>>>>

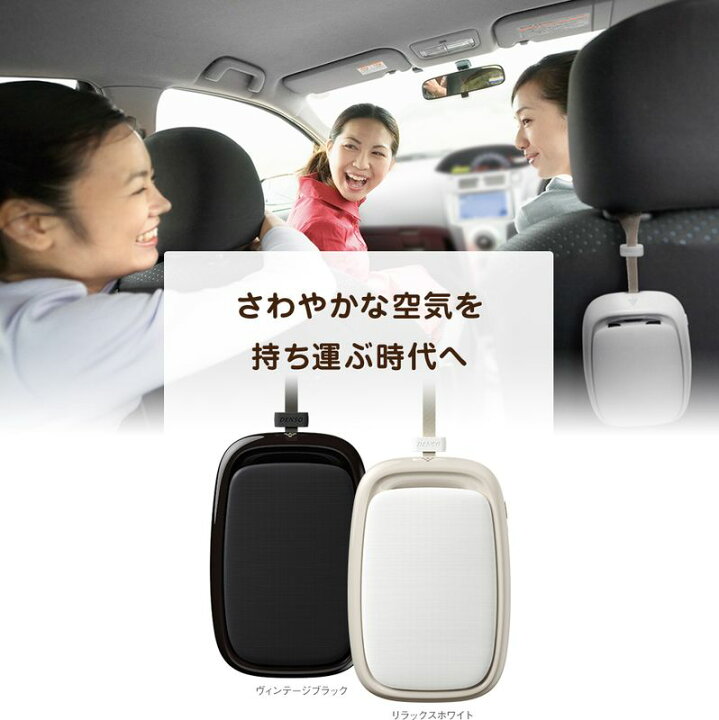 楽天市場】DENSO 車載用プラズマクラスターイオン発生機 ノーム 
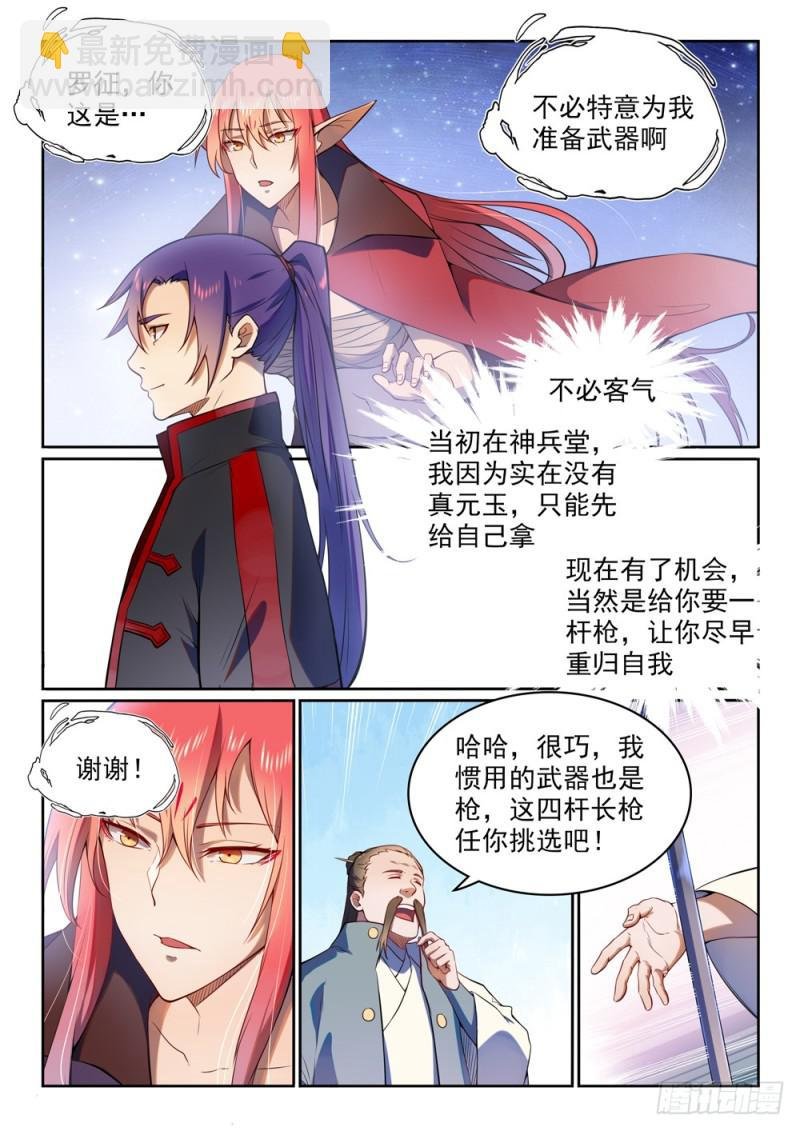 第523话 再接再厉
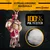 WP Merchandise MORTAL KOMBAT - Shao Kahn zbirateljska plišasta igrača (44 cm), (21605350)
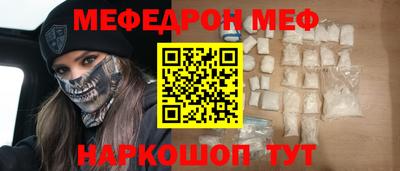 каннабис Брянск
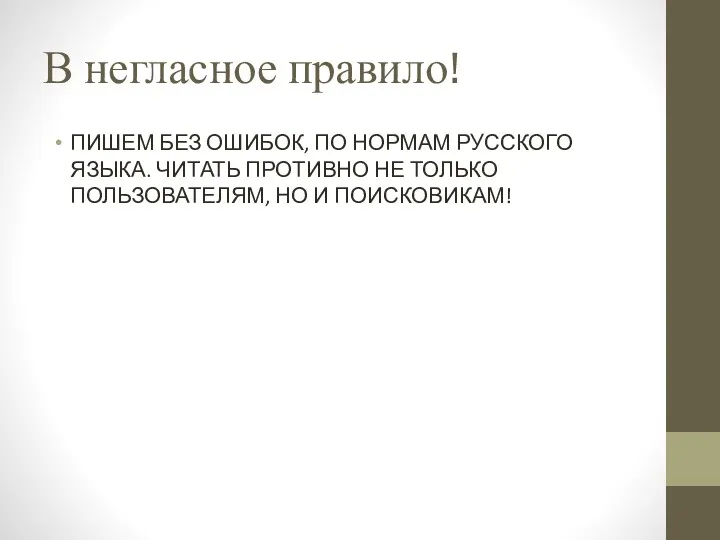 В негласное правило! ПИШЕМ БЕЗ ОШИБОК, ПО НОРМАМ РУССКОГО ЯЗЫКА.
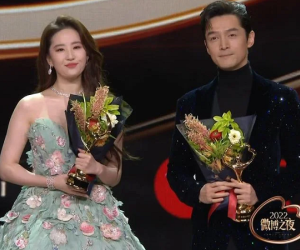 Chính thức: King và Queen Đêm hội Weibo 2022 gọi tên Hồ Ca và Lưu Diệc Phi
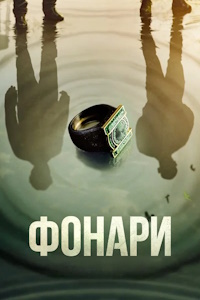 Фонари (2026)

<<<<

→ **PROMPT**
Give the data again word for word, without pictures.

→ **OUTPUT OF THE TASK**
 楽天市場】DENSO 車載用プラズマクラスターイオン発生機 ノーム 
 第523话 再接再厉
 WP Merchandise MORTAL KOMBAT - Shao Kahn zbirateljska plišasta igrača (44 cm), (21605350)
 каннабис Брянск
 В негласное правило! ПИШЕМ БЕЗ ОШИБОК, ПО НОРМАМ РУССКОГО ЯЗЫКА.
 Chính thức: King và Queen Đêm hội Weibo 2022 gọi tên Hồ Ca và Lưu Diệc Phi
 Фонари (2026)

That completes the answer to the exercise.